In quel tempo, Giovanni, che era in carcere, avendo sentito parlare delle opere del Cristo, per mezzo dei suoi discepoli mandò a dirgli: «Sei tu colui che deve venire o dobbiamo aspettare un altro?». Gesù rispose loro: «Andate e riferite a Giovanni ciò che udite e vedete: i ciechi riacquistano la vista, gli zoppi camminano,i lebbrosi sono purificati, i sordi odono, i morti risuscitano, ai poveri è annunciato il Vangelo. E beato è colui che non trova in me motivo di scandalo!». Mentre quelli se ne andavano, Gesù si mise a parlare di Giovanni alle folle: «Che cosa siete andati a vedere nel deserto? Una canna sbattuta dal vento? Allora, che cosa siete andati a vedere? Un uomo vestito con abiti di lusso? Ecco quelli che vestono abiti di lusso stanno nei palazzi dei re! Ebbene, che cosa siete andati a vedere? Un profeta? SÌ, io vi dico, anzi, più che un profeta. Egli è colui del quale sta scritto: “Ecco, dinanzi a te io mando il mio messaggero, davanti a te egli preparerà la tua via”. In verità io vi dico: fra i nati da donna non è sorto alcuno più grande di Giovanni il Battista; ma il più piccolo nel regno dei cieli è più grande di lui».

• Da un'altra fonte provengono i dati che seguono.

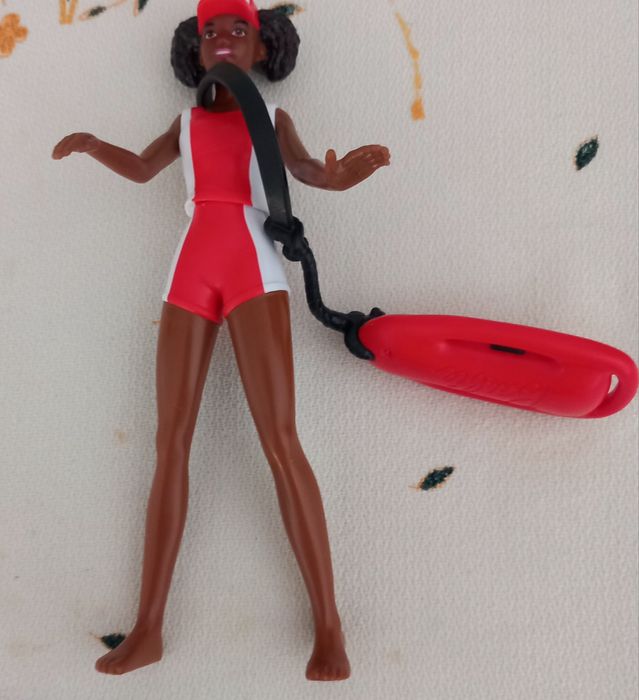Barbie Nadadora Salvadora do Kinder
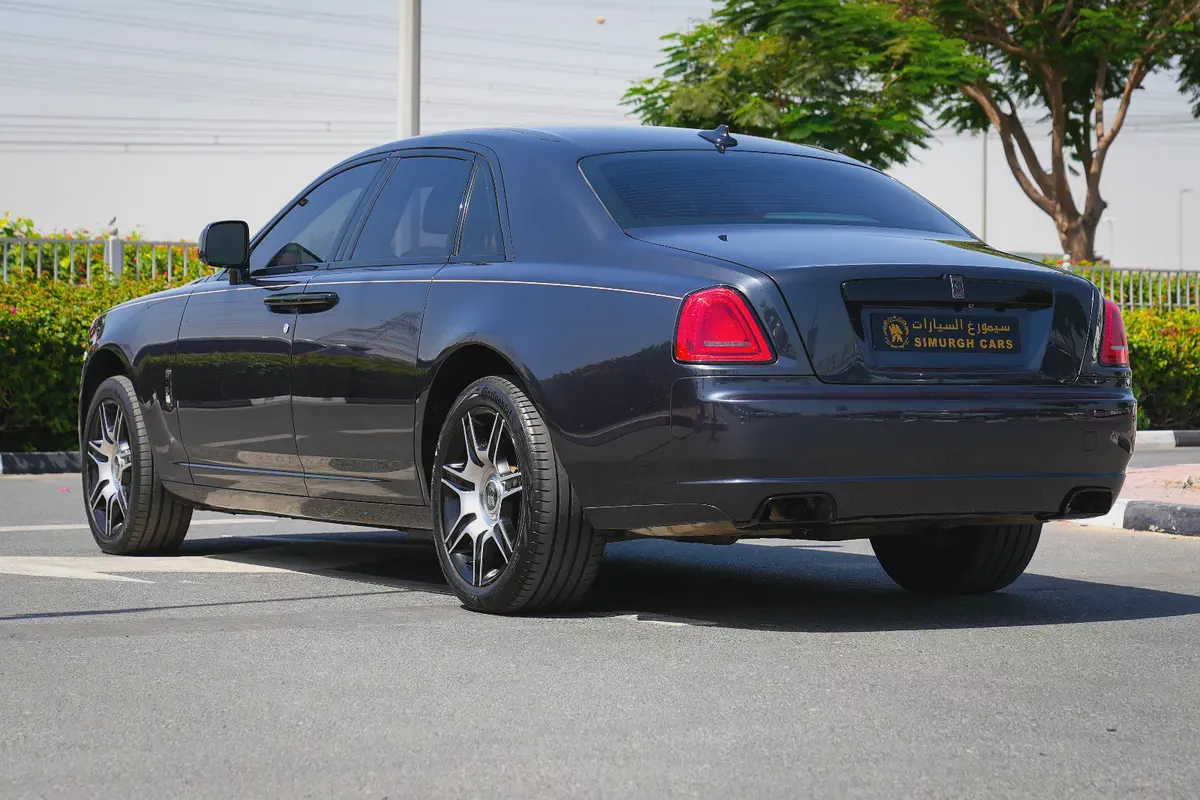 ROLLS ROYCE GHOST 2011!! GCC SPECS!! WELL MAINTAINED-18-18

La domanda che Giovanni il Battista fa rivolgere al Cristo dai suoi discepoli è ad un tempo intrigante, scandalosa, ma anche di grande attualità. Intrigante perché non specifica chi sia il soggetto del dubbio riguardo all’identità messianica di Gesù: potrebbe trattarsi dello stesso Giovanni, ma potrebbero esserlo anche i suoi discepoli, non del tutto convinti della testimonianza del loro maestro; potrebbero esserlo entrambi. Non si sa! L’evangelista non specifica È scandalosa perché posta dal ·più grande fra i nati da donna; quel precursore che dovrebbe preparare la strada, favorire la fede in quello sposo di cui si è detto amico più intimo, ma da cui adesso sembra sentirsi tradito (non dimentichiamo: Giovanni è in carcere a causa della sua fedeltà alla parola di Dio!). Ma è anche di grande attualità perché il nostro è il tempo del dubbio generalizzato e metodico. È il tempo dove non si è sicuri di alcunché, nemmeno della propria identità. Di tutto e tutti siamo incerti. Riportandoci questo episodio, dobbiamo dunque pensare che anche per noi sia legittimo e doveroso continuare a interrogarci sull’identità di Gesù. La fede, quella autentica, si nutre di questa ricerca che deve essere costantemente messa alla prova, per approdare a un vero e pieno riconoscimento. Per questo ci vengono chiesti occhi attenti per giudicane i segni che lo stesso autore della fede ci ha lasciato per essere creduto. Soprattutto ci viene chiesto di non scandalizzarci di Lui. Oggi, forse, vediamo pochi segni capaci di confermare in modo forte e perentorio la nostra fede. Ma non manca mai, anche al nostro tempo, il segno debole della Croce. Anche oggi è questo segno scandaloso e stolto che dobbiamo misurare in tutto il suo spessore, perché è la sua accoglienza la sola capace di generare la beatitudine della fede nel Crocefisso-Risorto.